**RAW DATA**
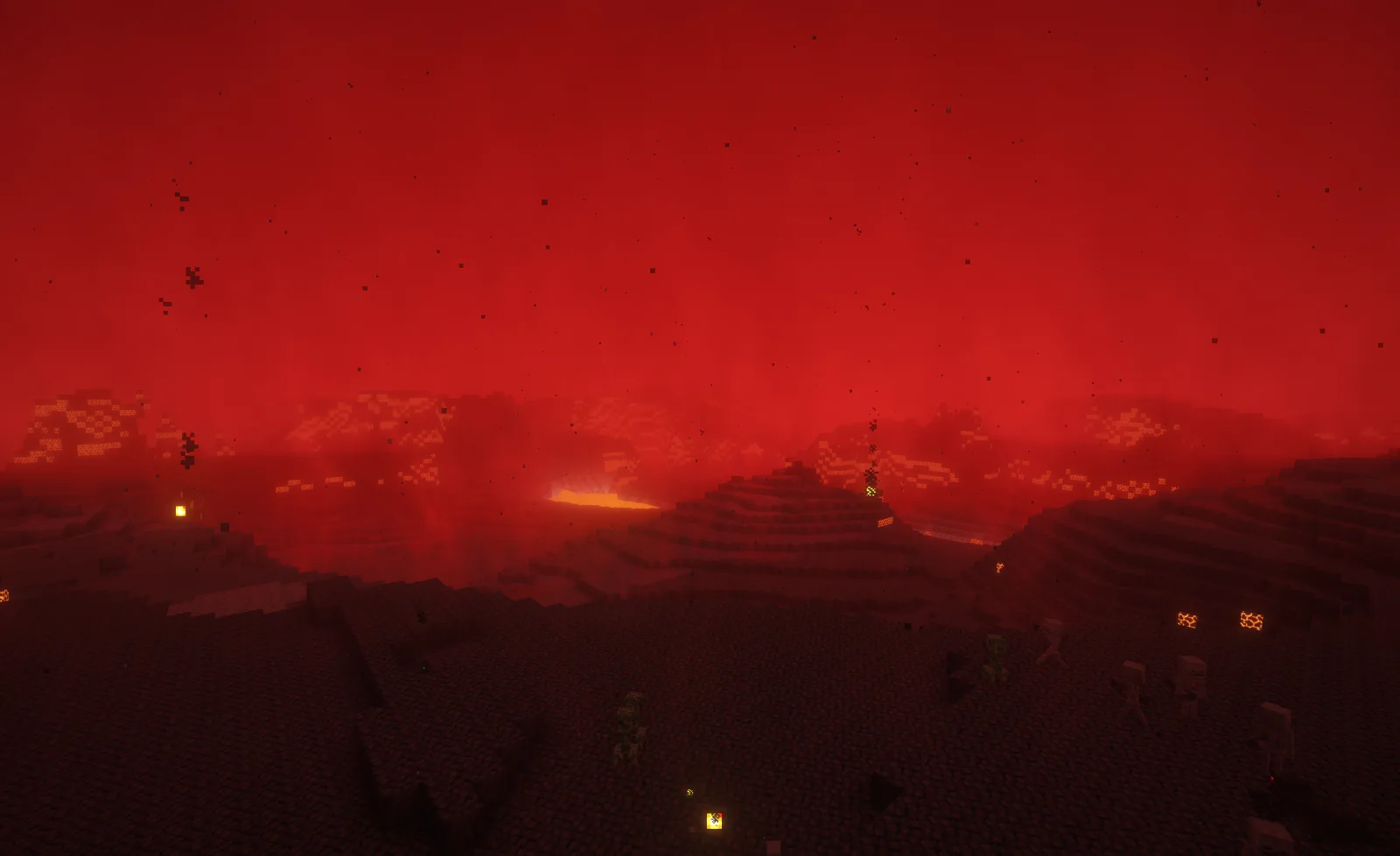 The Melted world: dark-red fog over molten terrain with ash and embers in the air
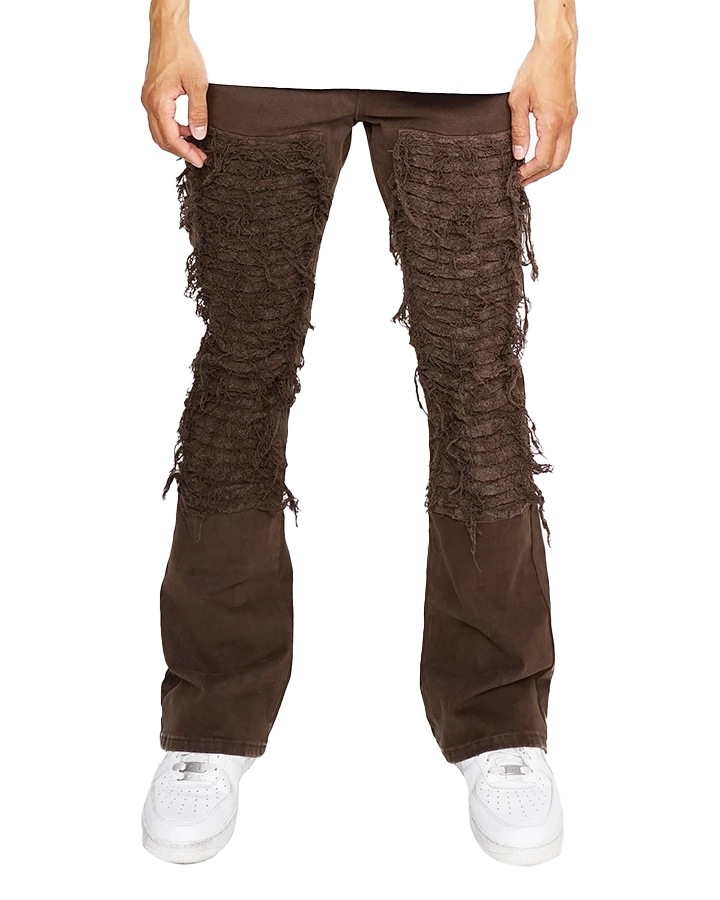 EPTM DISTRESSED STACKED JEANS BROWN - EPTM023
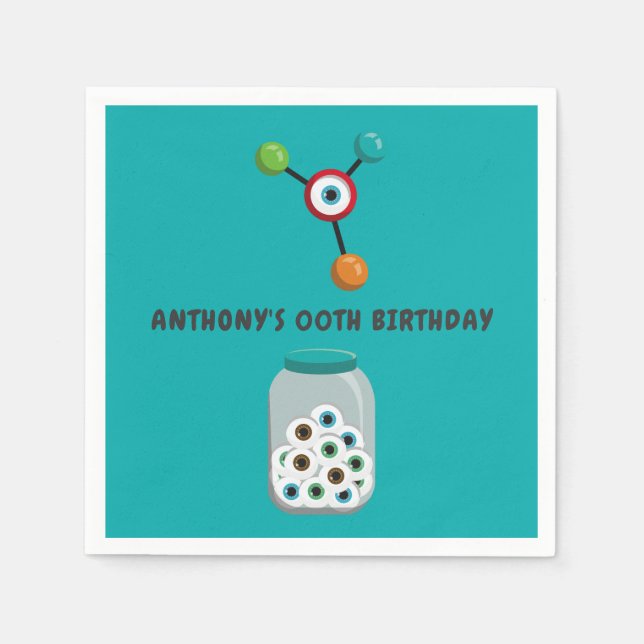 Serviette En Papier Fête d'anniversaire de science folle (Devant)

**INSTRUCTIONS FOR THE TASK**
Every line above should be transcribed word for word; leave the pictures out.

**YOUR RESPONSE**
 The Melted world: dark-red fog over molten terrain with ash and embers in the air
 EPTM DISTRESSED STACKED JEANS BROWN - EPTM023
 Serviette En Papier Fête d'anniversaire de science folle (Devant)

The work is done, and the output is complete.